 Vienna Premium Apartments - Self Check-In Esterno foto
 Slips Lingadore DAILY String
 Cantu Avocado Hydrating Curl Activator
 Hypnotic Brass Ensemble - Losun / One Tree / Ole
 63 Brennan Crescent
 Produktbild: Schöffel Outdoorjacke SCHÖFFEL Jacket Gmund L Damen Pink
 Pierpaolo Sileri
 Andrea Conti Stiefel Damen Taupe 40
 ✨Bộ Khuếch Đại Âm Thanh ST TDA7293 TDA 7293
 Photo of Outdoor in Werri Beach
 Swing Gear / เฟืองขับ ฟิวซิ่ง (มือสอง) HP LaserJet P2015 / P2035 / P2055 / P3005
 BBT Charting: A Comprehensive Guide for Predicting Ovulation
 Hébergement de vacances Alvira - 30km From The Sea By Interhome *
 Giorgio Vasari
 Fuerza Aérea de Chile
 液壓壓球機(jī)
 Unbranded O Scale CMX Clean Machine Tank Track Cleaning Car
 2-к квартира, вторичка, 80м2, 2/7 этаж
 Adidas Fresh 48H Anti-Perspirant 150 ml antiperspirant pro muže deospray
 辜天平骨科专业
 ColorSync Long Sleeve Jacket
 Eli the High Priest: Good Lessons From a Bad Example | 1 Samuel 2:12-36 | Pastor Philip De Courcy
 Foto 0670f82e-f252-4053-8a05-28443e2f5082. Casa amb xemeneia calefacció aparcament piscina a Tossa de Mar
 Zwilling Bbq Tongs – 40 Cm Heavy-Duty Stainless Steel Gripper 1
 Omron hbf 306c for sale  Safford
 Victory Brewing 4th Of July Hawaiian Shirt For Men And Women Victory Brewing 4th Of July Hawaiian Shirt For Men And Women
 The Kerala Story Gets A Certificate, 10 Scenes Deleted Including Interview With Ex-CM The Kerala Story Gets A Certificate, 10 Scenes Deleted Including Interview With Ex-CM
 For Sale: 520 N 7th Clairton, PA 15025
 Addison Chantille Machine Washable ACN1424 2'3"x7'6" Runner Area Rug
········
→ Exercise aim
Please return a copy of each line in the entries that has the string "From".

→ Response
 Hébergement de vacances Alvira - 30km From The Sea By Interhome *
 Eli the High Priest: Good Lessons From a Bad Example | 1 Samuel 2:12-36 | Pastor Philip De Courcy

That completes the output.